GreenInfo-Network / seattle-building-dashboard

Energy benchmarking for Seattle
https://greeninfo-network.github.io/seattle-building-dashboard/
ISC License
1 stars 0 forks source link

CARTO viability and altnerative assessment #63

Closed danrademacher closed 7 months ago

danrademacher commented 10 months ago

Evaluate the long-term stability of the existing data architecture in Carto and suitability of substitutes

I think we can dispense with viability by just writing something like this in a report:

CARTO has deprecated the version of the platform that hosts the data now, and there's no clear path to their latest (paid) product without a full rewrite. Though the company has said they have no plans to retire free accounts on this old platform, there's also no service guarantee. They recently added a 10 dataset limit, which suggests they are paying attention and ratcheting down resource use over time. this suggests the platform is precarious as a long-term home.
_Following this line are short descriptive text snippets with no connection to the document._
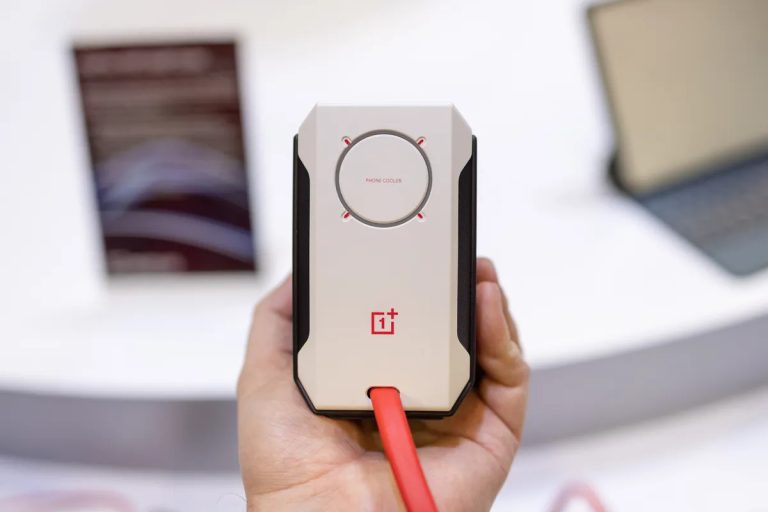 OnePlus plāno piedāvāt škidruma dzeses iekārtu viedtālruņiem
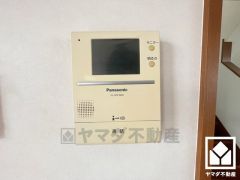 突然の来訪時でも安心なモニター付きインターホンを完備。お留守番中のお子様でも簡単に来訪者の確認ができます。（リフォーム前の写真です）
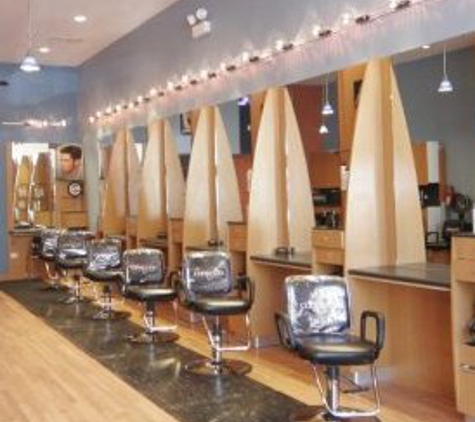 Conexion Salon and Spa - Chicago, IL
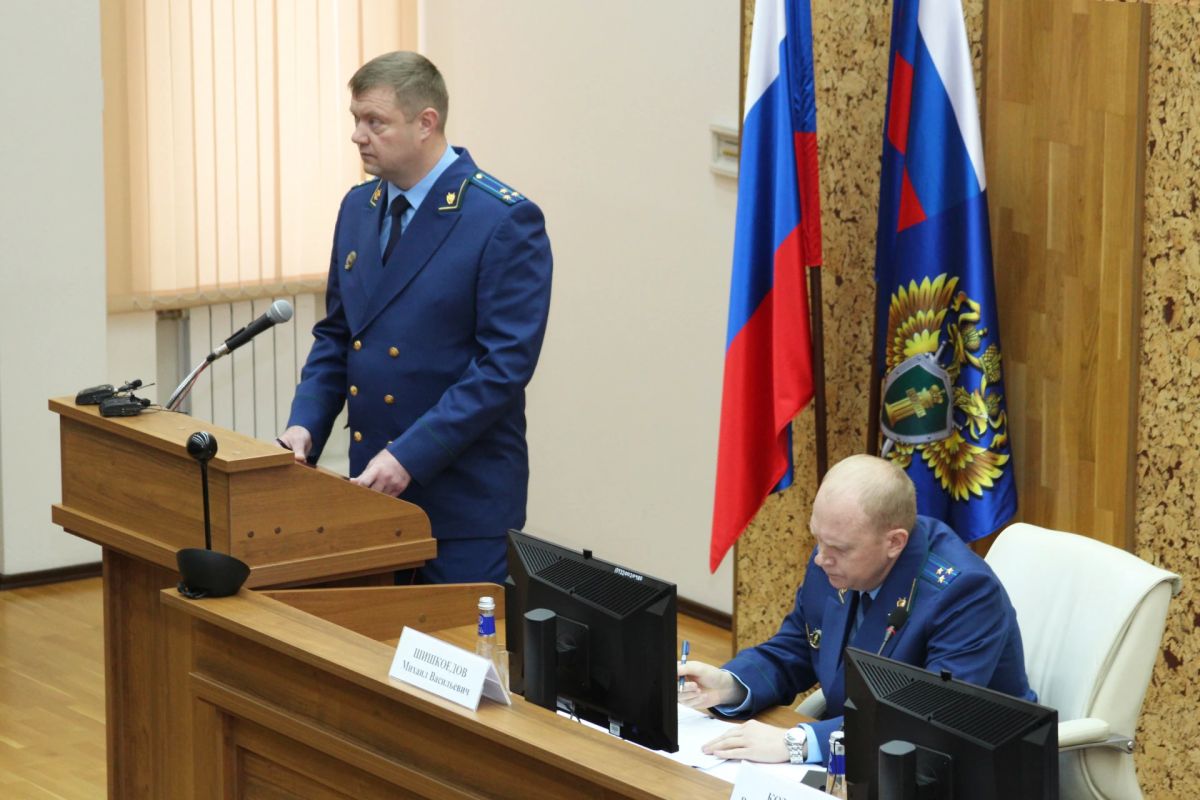 Заместитель Генерального прокурора России Сергей Зайцев представил Восточно-Сибирского транспортного и Байкальского межрегионального природоохранного прокуроров Заместитель Генерального прокурора России Сергей Зайцев представил Восточно-Сибирского транспортного и Байкальского межрегионального природоохранного прокуроров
That said, the company has in the past been responsive to requests for a little more time on other migrations, so we wouldn't expect a sudden stoppage.

And then we look at alternatives for providong some version of Postgres-as-a-service, our own RDS, or some other way to provide data.

tomay commented 10 months ago

If we ditch Carto, then we'll probably want or have to (?) ditch cartodb.js as well, since the two are tightly integrated, and that library is no longer supported (and doesn't include any post Leaflet 1.0 features).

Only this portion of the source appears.